‘High Tide’ review: A tepid gay immigrant drama with a blazing lead performance Review of ‘High Tide’: A tepid gay immigrant drama with a blazing lead performance Reviewed at the Digital Arts Screening Room, New York, March 4, 2024. At SXSW (Narrative Spotlight). Running time: 101 minutes. Most Popular Must Read Subscribe to our diverse newsletters and more from our brands


A sparse but intimate drama about an eccentric immigrant left adrift, director Marco Calvani’s “High Tide” boasts impeccable lead performances, which bolster the film even at its weakest. Pulled together by sweet moments, it follows Brazilian immigrant Lourenço (Marco Pigosi) as he anticipates the return of his American mistress to Provincetown — the promised gay land of Massachusetts — while time runs out on his visa. As Lourenço is torn apart by kindness and cruelty, Pigossi delivers a stunning performance that welds the film’s disparate parts together with heat, making it seem whole despite the flaws in its construction.

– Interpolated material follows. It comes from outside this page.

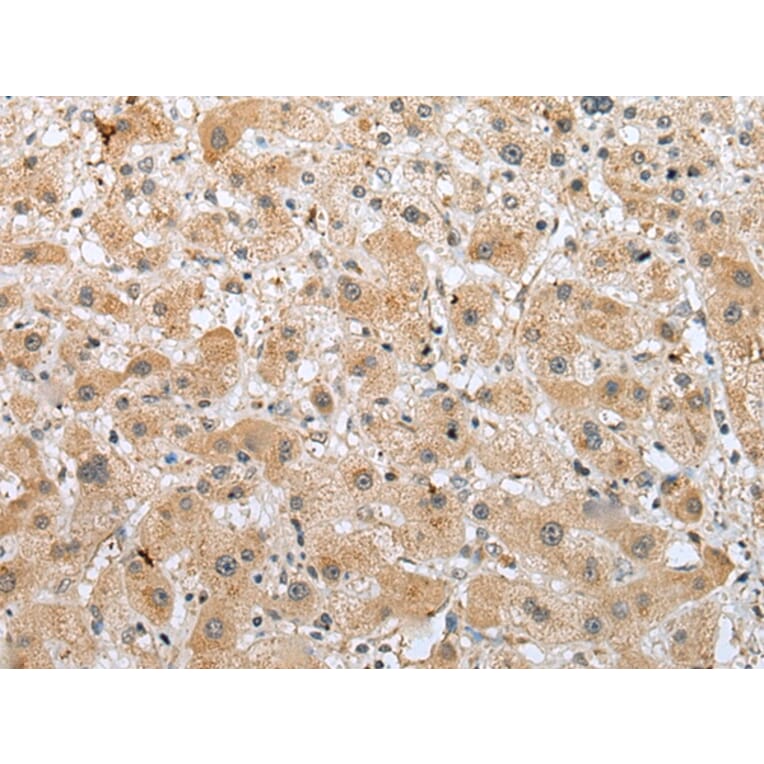 Immunohistochemistry - RFK Antibody from Signalway Antibody (42958) - Antibodies.com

From the first moment of “High Tide,” Calvani captures his audience’s attention through the contrast between the gentle waves lapping the shore and the stark image of Lourenço stripping off his clothes and rushing into the ocean in a moment of emotional crisis. This scene returns later in the film, supported by more narrative context, but dangling it in front of the viewer in this way conjures images of illegal immigrants desperately heading to the water in search of refuge.

Lourenço is not exactly a refugee, nor is he “undocumented” in the literal sense (although the term has been used to describe him several times). In fact, his tourist visa is about to expire, and the path to remaining in the United States legally is winding and fraught with long obstacles, despite his specialized degree in accounting. So, while waiting for his beloved Jo to return – the true circumstances between the pair are initially left ambiguous – he takes on odd jobs under the table cleaning and painting rich people’s summer houses, while living in a small guest house on one of the houses. Joe’s friend, the suave, chatty and sometimes arrogant Scott (Bill Irwin), an older gay man who becomes his temporary announcer.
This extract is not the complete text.